L’UE condanna Baku per la repressione dei giornalisti, ma continua a farci affari.
L’Unione europea ha espresso “profonda preoccupazione” per le pesanti condanne inflitte in Azerbaigian ai giornalisti e collaboratori di Abzas Media, uno dei pochi outlet indipendenti del Paese. Ma la dichiarazione ufficiale di Bruxelles, diffusa dal Servizio europeo per l’azione esterna (SEAE), suona sempre più come un esercizio retorico, alla luce delle relazioni economiche e strategiche che l’Unione continua a intrattenere con il regime del presidente Ilham Aliyev.
Nella nota si sottolinea poi che “il giornalismo indipendente svolge un ruolo fondamentale per la trasparenza e la responsabilità”, e si invita Baku a rispettare i diritti umani e le libertà fondamentali, “creando un ambiente sicuro e favorevole per tutti i giornalisti”. Tuttavia, mentre l’UE deplora la repressione della libertà di stampa, continua a rafforzare i legami con un Paese che reprime sistematicamente il dissenso interno, senza contare che in casa propria le varie call europee finanziano di tutto, tranne il giornalismo indipendente, cucendo bandi e prebende per i soliti (e grandi) gruppi editoriali.
Negli ultimi anni, l’Azerbaigian è divenuto un partner energetico chiave per Bruxelles, in particolare dopo l’invasione russa dell’Ucraina.
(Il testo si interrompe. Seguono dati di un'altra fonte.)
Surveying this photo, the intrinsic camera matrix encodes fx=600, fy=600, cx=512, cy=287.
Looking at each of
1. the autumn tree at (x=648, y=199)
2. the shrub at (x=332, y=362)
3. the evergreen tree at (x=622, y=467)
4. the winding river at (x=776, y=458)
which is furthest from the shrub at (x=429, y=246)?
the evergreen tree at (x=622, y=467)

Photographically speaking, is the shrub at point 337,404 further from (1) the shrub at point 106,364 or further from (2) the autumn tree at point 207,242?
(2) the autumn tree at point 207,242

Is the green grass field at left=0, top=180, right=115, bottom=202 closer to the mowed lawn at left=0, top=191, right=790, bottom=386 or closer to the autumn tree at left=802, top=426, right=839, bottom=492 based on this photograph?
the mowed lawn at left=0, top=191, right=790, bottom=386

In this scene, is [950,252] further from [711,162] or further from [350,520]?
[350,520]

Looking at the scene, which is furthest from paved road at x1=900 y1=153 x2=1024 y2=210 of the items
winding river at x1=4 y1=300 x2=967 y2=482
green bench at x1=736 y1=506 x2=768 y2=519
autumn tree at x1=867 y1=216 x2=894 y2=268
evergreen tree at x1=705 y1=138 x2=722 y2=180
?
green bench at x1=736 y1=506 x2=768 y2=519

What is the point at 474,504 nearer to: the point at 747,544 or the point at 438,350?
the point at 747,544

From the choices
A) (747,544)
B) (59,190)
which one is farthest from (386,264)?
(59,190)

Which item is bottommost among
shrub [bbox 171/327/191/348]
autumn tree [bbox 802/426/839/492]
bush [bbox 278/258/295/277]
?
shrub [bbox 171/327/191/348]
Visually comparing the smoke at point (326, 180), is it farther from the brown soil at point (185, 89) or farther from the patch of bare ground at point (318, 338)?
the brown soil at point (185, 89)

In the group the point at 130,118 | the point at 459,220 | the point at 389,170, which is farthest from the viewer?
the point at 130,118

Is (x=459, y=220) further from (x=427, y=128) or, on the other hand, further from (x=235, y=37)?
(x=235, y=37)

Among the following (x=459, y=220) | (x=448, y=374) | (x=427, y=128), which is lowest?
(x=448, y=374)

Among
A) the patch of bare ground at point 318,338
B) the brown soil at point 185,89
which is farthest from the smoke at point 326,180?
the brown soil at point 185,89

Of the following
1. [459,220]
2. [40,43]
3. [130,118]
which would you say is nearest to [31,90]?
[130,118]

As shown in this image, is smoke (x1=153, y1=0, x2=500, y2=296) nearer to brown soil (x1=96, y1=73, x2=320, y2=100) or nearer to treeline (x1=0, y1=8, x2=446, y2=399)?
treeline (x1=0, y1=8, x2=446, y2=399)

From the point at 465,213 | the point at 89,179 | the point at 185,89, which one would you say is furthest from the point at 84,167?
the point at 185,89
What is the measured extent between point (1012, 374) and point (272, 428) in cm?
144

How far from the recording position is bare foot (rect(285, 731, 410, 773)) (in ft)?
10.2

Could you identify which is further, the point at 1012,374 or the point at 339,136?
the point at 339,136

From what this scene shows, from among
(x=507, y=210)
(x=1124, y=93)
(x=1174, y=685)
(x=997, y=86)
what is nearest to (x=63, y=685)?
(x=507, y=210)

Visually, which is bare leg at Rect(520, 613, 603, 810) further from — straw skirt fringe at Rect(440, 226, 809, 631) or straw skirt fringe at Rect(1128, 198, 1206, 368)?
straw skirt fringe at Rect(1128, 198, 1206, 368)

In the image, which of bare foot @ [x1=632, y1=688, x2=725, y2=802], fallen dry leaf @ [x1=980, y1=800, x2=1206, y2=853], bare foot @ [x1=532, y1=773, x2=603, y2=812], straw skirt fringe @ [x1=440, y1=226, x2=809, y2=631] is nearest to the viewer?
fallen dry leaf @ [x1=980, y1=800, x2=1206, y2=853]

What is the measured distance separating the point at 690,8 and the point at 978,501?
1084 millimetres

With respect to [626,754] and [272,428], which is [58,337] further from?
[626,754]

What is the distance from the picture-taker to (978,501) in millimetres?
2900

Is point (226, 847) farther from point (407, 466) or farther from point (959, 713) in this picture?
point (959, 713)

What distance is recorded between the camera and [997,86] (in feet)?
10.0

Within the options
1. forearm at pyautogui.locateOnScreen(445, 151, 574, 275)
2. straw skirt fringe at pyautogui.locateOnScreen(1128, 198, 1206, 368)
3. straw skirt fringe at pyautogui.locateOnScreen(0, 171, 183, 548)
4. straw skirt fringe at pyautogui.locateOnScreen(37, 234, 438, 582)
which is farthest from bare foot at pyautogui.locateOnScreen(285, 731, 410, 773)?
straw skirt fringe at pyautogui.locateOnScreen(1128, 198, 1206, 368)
Il gas azero è stato presentato come una “alternativa strategica” a quello russo, portando a una serie di accordi miliardari nel settore energetico tra Baku e vari Stati membri, con l’avallo della Commissione europea. Difficile, quindi, assistere a uno slancio di coerenza credibile da parte dei non più “leader globali dei valori”.
Intanto, in Azerbaigian, si moltiplicano i casi di persecuzione giudiziaria contro giornalisti, attivisti e oppositori politici e, anche le condanne ai redattori di Abzas Media, si inseriscono in un quadro ben noto di controllo autoritario, repressione della stampa libera e violazioni sistematiche delle libertà civili.
Nonostante ciò, l’UE ribadisce nella sua nota la “volontà di proseguire il dialogo e la cooperazione sui diritti umani con l’Azerbaigian”. Una posizione che molti osservatori giudicano ambigua, se non ipocrita: da un lato si condannano le violazioni, dall’altro si consolidano partnership economiche con regimi che mettono a tacere con la prigione — o peggio — chi cerca di raccontare la verità o, semplicemente, di fare il proprio lavoro.